Strategy Bites Back invites you to encounter a diverse and unlikely set of voices with something sharp to say about strategy --- from Michael Porter and Peter Drucker to Coco Channel’s "little black dress". Taken together these perspectives will provide you with new and dramatically different angles from which to attack the world of strategy.
· Strategy as the Little Black Dress
· Forecasting Whoops
· Management and Magic
· The Soft Underbelly of Hard Data
· Jack Welch on Planning
· The Seven Deadly Sins of Strategic Planning
· Strategy from the Grassroots
· Strategy One Step at a Time
· Strategy and the Art of Seduction
· and many more antidotes to dull strategy making and blunt business strategies.

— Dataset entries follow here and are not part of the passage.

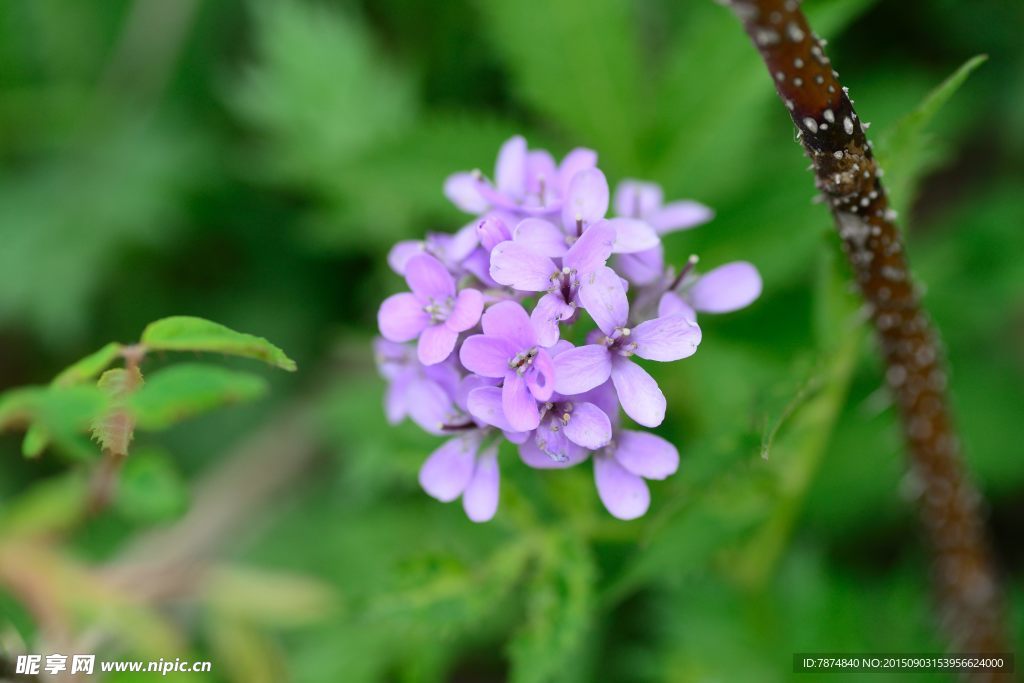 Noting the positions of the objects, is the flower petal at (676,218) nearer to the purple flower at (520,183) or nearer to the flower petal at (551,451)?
the purple flower at (520,183)

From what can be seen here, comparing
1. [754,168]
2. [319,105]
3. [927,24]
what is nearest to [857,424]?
[754,168]

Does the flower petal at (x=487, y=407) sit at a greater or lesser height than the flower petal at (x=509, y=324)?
lesser

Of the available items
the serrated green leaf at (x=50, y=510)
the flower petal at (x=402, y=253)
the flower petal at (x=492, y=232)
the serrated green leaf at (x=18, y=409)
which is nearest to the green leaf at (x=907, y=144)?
the flower petal at (x=492, y=232)

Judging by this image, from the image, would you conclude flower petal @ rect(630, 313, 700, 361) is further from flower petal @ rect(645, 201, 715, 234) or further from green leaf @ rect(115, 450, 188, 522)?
green leaf @ rect(115, 450, 188, 522)

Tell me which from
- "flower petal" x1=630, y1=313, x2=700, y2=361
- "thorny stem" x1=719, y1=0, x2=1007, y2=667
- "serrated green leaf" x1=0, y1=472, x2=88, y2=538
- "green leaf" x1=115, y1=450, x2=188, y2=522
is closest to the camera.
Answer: "thorny stem" x1=719, y1=0, x2=1007, y2=667

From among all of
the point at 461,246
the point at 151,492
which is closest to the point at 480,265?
the point at 461,246

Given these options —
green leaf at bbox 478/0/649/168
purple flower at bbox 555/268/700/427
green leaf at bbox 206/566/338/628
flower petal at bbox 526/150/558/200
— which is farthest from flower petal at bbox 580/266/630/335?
green leaf at bbox 206/566/338/628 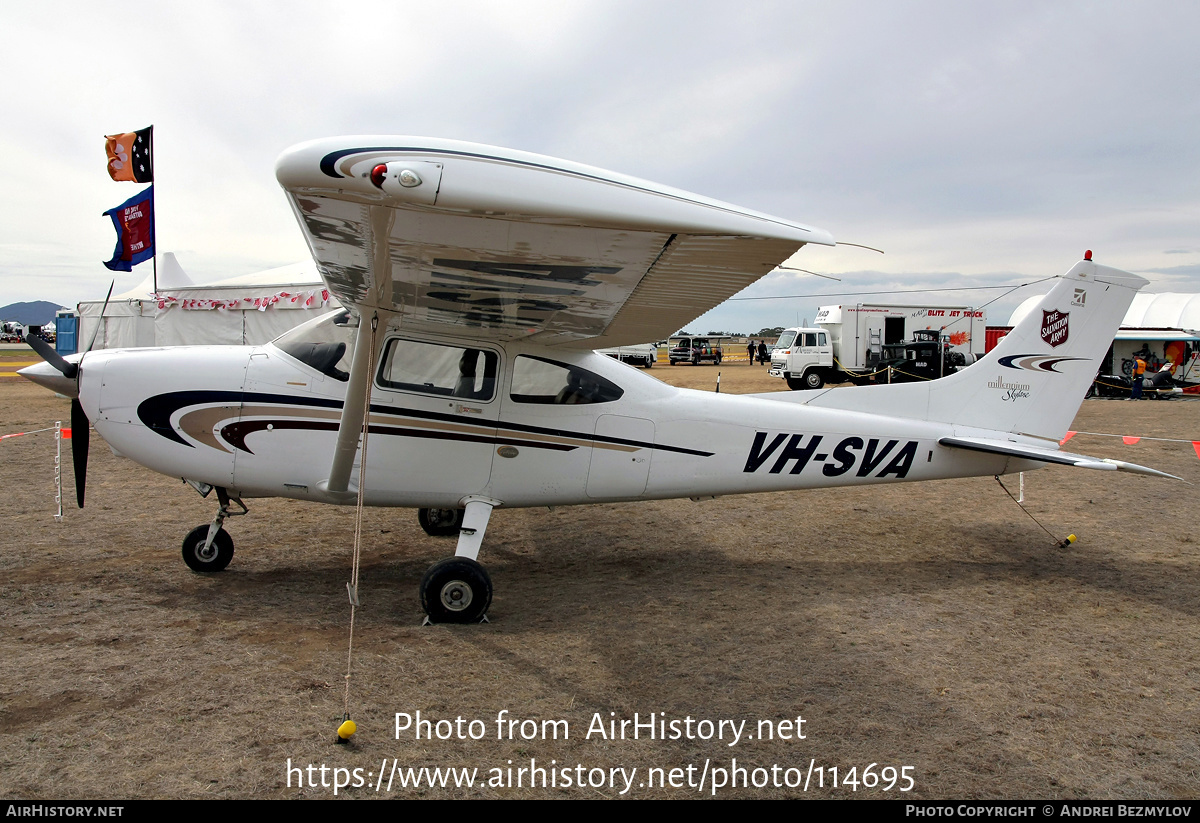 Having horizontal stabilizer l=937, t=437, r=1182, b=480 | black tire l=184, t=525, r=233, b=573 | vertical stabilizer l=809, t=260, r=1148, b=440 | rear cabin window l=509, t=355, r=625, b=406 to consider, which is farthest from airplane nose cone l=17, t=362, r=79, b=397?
horizontal stabilizer l=937, t=437, r=1182, b=480

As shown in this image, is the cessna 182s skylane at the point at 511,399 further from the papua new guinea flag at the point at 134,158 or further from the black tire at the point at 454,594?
the papua new guinea flag at the point at 134,158

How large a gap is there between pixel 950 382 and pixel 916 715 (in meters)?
3.52

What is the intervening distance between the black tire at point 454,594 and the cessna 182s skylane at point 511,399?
1 centimetres

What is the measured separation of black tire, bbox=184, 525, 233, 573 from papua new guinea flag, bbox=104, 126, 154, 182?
45.1 ft

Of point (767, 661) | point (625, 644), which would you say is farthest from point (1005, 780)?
point (625, 644)

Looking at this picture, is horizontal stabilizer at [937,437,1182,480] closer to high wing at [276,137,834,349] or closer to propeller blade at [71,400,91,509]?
high wing at [276,137,834,349]

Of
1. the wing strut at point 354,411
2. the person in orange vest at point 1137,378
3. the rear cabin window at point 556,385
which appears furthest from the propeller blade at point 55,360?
the person in orange vest at point 1137,378

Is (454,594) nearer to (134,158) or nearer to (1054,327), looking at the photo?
(1054,327)

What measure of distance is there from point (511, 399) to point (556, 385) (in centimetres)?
35

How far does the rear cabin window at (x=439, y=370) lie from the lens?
5023 millimetres

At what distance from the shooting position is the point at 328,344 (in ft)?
16.8

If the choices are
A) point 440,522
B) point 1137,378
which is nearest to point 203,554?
point 440,522

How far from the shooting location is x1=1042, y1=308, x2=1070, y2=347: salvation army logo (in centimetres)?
612

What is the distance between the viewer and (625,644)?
169 inches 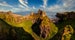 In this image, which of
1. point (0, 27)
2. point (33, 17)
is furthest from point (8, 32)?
point (33, 17)

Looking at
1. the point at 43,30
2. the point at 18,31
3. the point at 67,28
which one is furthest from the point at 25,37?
the point at 67,28

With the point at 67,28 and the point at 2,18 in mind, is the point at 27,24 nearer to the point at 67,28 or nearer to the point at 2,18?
the point at 2,18

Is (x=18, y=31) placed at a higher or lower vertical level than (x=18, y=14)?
lower

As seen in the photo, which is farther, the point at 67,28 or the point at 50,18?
the point at 50,18

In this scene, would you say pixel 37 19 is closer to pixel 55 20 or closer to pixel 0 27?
pixel 55 20

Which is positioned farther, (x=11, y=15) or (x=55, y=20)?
(x=55, y=20)

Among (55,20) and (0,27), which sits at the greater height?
(55,20)
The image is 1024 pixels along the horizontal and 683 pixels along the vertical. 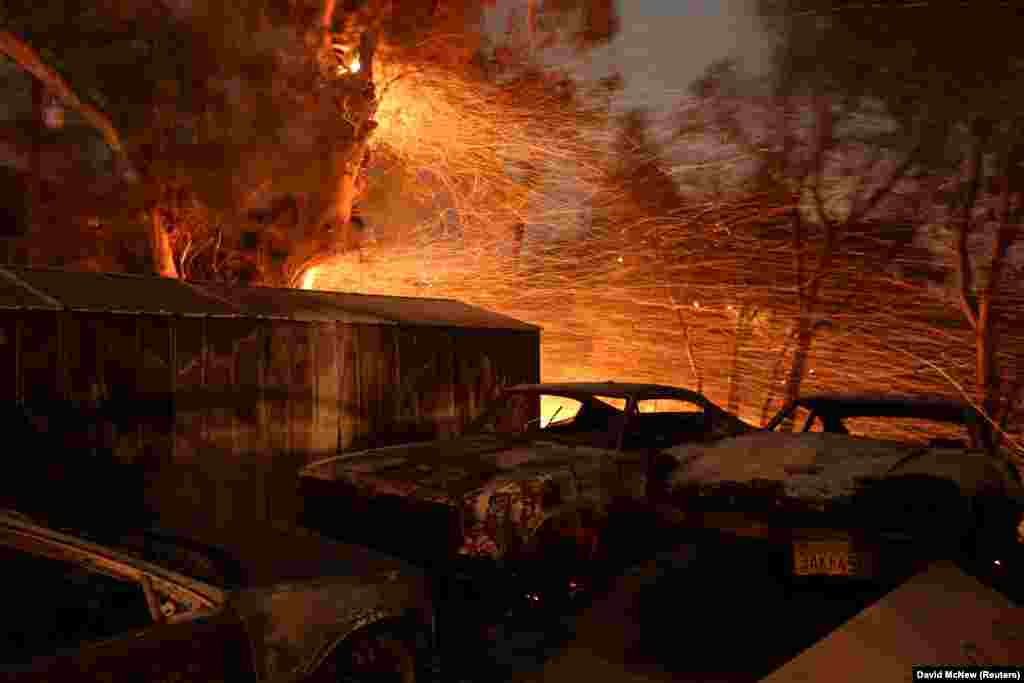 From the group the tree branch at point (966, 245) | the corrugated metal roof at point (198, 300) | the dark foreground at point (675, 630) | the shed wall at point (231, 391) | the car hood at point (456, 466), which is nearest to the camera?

This book is for everyone involved with strategy – manager, CEO, consultant, professor, student – who wants to see strategy more broadly, more deeply and more playfully.

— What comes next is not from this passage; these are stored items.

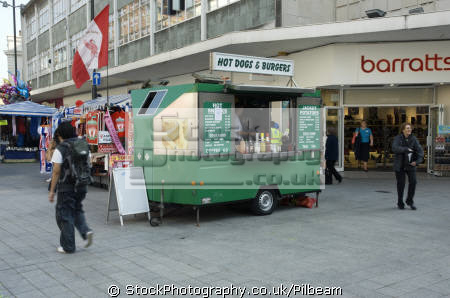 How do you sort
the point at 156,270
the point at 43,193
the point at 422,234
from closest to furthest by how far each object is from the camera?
1. the point at 156,270
2. the point at 422,234
3. the point at 43,193

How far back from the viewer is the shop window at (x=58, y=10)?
32969 millimetres

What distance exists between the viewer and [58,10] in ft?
112

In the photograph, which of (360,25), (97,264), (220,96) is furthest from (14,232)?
(360,25)

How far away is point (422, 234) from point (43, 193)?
8.93m

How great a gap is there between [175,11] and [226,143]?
13.6 metres

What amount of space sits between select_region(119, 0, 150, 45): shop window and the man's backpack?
1700cm

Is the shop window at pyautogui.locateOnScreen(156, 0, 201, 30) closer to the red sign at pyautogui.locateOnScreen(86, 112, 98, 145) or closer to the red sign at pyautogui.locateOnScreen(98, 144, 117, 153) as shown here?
the red sign at pyautogui.locateOnScreen(86, 112, 98, 145)

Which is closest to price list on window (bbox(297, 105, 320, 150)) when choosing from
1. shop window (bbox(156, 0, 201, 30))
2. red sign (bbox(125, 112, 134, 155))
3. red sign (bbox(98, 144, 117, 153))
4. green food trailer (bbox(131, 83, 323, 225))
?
green food trailer (bbox(131, 83, 323, 225))

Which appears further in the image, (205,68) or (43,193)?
(205,68)

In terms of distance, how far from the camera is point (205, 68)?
19141mm

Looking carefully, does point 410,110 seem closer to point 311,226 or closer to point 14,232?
point 311,226

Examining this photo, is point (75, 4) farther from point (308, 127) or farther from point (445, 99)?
point (308, 127)

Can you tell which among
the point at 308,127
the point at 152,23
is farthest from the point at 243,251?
the point at 152,23

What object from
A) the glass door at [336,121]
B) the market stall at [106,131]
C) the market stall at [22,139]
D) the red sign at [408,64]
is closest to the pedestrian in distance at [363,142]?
the glass door at [336,121] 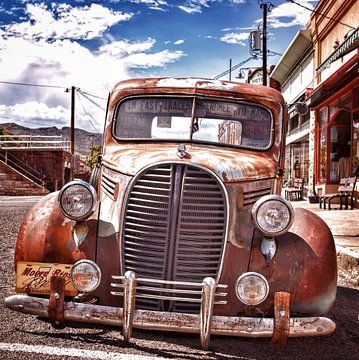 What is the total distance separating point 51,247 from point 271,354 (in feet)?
5.86

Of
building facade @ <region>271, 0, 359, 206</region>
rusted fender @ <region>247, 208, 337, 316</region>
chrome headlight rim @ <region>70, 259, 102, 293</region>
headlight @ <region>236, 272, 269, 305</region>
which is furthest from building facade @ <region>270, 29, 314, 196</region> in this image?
chrome headlight rim @ <region>70, 259, 102, 293</region>

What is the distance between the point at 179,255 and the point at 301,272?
871 millimetres

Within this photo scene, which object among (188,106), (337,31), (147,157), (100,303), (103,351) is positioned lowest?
(103,351)

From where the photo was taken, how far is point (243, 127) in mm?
4559

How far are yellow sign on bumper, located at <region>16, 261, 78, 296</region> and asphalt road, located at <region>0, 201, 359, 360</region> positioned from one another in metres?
0.31

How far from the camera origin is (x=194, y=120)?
443 centimetres

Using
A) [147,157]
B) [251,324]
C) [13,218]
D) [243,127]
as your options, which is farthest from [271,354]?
[13,218]

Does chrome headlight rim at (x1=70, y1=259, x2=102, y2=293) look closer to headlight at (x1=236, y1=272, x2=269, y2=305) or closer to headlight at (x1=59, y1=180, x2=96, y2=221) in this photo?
headlight at (x1=59, y1=180, x2=96, y2=221)

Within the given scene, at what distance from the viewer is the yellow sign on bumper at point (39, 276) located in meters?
3.57

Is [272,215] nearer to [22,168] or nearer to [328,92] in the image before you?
[328,92]

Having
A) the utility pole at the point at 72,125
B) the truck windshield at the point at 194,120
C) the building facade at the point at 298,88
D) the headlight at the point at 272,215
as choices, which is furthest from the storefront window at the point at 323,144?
the utility pole at the point at 72,125

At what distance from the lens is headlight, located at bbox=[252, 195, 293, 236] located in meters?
3.37

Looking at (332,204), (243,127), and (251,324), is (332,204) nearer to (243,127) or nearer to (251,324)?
(243,127)

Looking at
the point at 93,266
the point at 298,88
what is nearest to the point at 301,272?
the point at 93,266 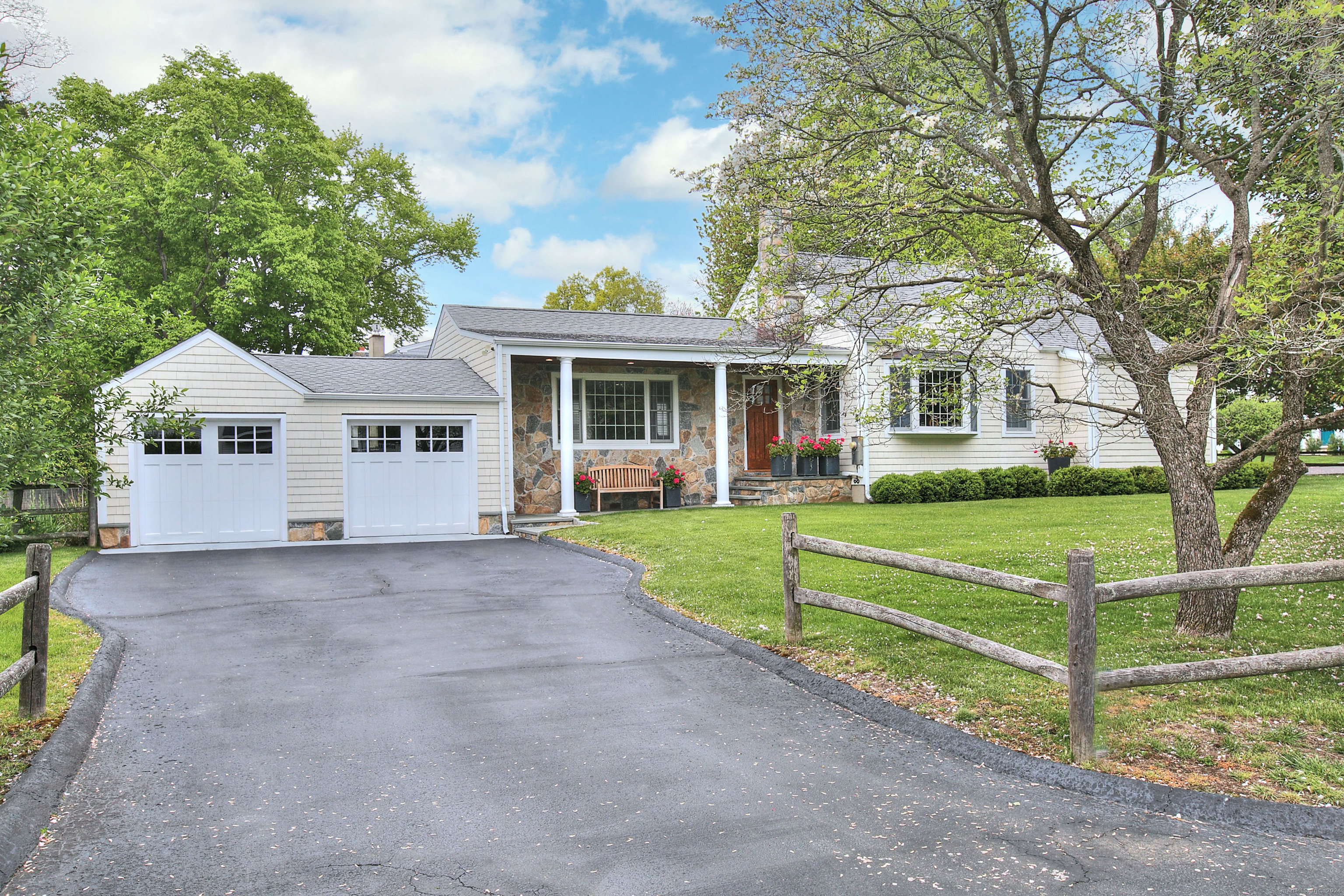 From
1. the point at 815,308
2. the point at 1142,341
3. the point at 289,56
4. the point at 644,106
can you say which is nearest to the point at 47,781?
the point at 815,308

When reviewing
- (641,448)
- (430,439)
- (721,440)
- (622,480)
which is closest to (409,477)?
(430,439)

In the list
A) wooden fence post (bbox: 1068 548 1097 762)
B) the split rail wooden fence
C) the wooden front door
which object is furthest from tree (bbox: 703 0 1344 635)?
the wooden front door

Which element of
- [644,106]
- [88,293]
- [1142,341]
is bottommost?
[1142,341]

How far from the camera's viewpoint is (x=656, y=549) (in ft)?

Strategy with a difference starts here, and why not have a good time reading a strategy book for a change?
Henry Mintzberg
Henry Mintzberg normally bites back on issues of management, organization, and corporate social irresponsibility (i.e., shareholder value), as well as management education and strategy. (Managers not MBAs, with Berrett-Koehler in the US and Financial Times Prentice Hall in Europe was his last book.) He managed to get a PhD in management at MIT and has slipped about 130 articles past unsuspecting editors. He is the Cleghorn Professor of Management Studies at McGill University.
Bruce Ahlstrand
Bruce Ahlstrand likes to prospect for strategy gems in unlikely places - from the game of Texas Hold’em to the Greek tragedies. He is devoted to developing new and creative ways of teaching business strategy and has never met a case study that he liked. He has a D.Phil. from Oxford University and a M.Sc. from the London School of Economics. Bruce is the author of The Quest for Productivity (Cambridge University Press) and co-author of Human Resource Management in the Multi-Divisional Company (Oxford University Press). He is a professor of management at Trent University in Ontario, Canada.
Joseph Lampel
Joe Lampel began his career believing that strategy is the answer, but has recently concluded that it may be the answer to the wrong question. He first began to suspect this terrible truth during the long journey that produced the Strategy Safari. Further research, and numerous publications in journals that are well received in polite academic society, only served to confirm this belief. Joe was awarded a PhD in management by McGill University for good behavior. He subsequently spent seven years at Stern School, NYU, trying to break into showbusiness. He currently resides at Cass Business School, City University London, an institution that happily accommodates his quest to find the answer to strategy's unanswerable questions.
Henry, Bruce and Joe are also the authors of the bestselling Strategy Safari (Financial Times Prentice Hall).